# Sony C90 vs. C910. What's the difference?



## SUX 2BU (Oct 27, 2008)

I came across a C90 and C910 for sale. C90 is in great shape, with box. C910 is in good shape and $100 less. I can also get the outboard EQ too. I believe the C90 is the better one? Why? 

And when using the EQ do you get a spectrum display on the head unit? Spectrum 'analyzer' displays are a guilty pleasure  The EQ is also a crossover correct? I'm looking for 3-way with separate sub if possible.


----------



## SUX 2BU (Oct 27, 2008)

Wow, nobody? I know there are some C90 lovers on this forum!


----------



## DAT (Oct 8, 2006)

I was told the C910 was the superior HU, that coming from a friend of mine in Japan, and he forwarded me years ago the email he got from the Sonyny designer.

I'm still trying to find it, but the EQ 4000x makes it shine even more.

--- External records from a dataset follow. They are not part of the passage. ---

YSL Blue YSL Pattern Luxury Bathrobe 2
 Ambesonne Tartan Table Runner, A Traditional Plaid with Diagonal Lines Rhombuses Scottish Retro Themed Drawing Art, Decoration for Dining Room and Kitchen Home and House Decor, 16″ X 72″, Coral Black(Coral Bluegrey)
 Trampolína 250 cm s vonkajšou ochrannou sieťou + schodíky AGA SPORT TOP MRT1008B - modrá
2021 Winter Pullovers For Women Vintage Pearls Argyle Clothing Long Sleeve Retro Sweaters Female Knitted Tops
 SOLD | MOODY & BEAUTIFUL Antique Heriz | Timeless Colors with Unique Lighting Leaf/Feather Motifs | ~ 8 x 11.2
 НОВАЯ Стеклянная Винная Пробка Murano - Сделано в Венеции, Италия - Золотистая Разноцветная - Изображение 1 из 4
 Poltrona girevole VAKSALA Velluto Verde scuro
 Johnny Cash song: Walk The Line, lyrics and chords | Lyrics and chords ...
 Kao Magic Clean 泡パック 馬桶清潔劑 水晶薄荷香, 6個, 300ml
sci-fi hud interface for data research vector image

I personally like the C910 better than my C90


----------



## deeppinkdiver (Feb 4, 2011)

DAT, I just sold my C90/4000X set up..

As far as answering the question as to which one is better I honestly could not hear a difference between my c910 and the c90

I have a couple extras from all the Es stuff I had if anyone needs. C780,C880, Changer, 210 eq processor, xa-300 ipod add on, cabeling too


----------



## DAT (Oct 8, 2006)

PM sent


----------



## eisnerracing (Sep 14, 2010)

No way c90 smokes the c910 
Really when you run the xdp4000 and fiber optic
24 bit bur brown d/a converter 
Also no click in the volume knob durning up or down 
Also a slow mute circuit between tracks and fm seek for lower noise 
Also mute function and 0 volume shut off the pre outs for zero noise In Competition 
The c90 comes alive with a lot of new features when paired with the xdp4000
Like saved eq /crossover modes 
I had a few saved for competition. 
#1 everyday adjusted for me 
#2 SQ
#3 SQ plus 
#4 spl 
Made compition easy all laptop controlled and would easy take a perfect 
30 on the rta


----------



## jp88 (Jun 25, 2007)

eisnerracing said:


> No way c90 smokes the c910
> Really when you run the xdp4000 and fiber optic
> 24 bit bur brown d/a converter


The c910 is the same in these respects, as it works with the xdp4000 with fiber which makes the d/a converts used the ones in the 4000


eisnerracing said:


> Also no click in the volume knob durning up or down
> Also a slow mute circuit between tracks and fm seek for lower noise
> Also mute function and 0 volume shut off the pre outs for zero noise In Competition


some of these feautures may be different I cant remember



eisnerracing said:


> The c90 comes alive with a lot of new features when paired with the xdp4000
> Like saved eq /crossover modes
> I had a few saved for competition.
> #1 everyday adjusted for me
> ...


The c910 will also do saved eq/crossover modes with the xdp210 or the xdp4000


----------



## mrnix (Mar 2, 2009)

I'm late to the show on this post, but I did run each of them for a time in my car, still have each on my workbench at home. The two units sound virtually similar when used with the XDP-210EQ. I much preferred the C90's display and the upgraded rotary remote, though. And the C90 motorized faceplate was much improved the slow-moving C910's.


----------



## wilcofaniam (Feb 6, 2014)

Interesting.

I am curious how the CDX-C90 w an xdp-4000 compares to the fabled XES-P1/X1/C1/T1.


----------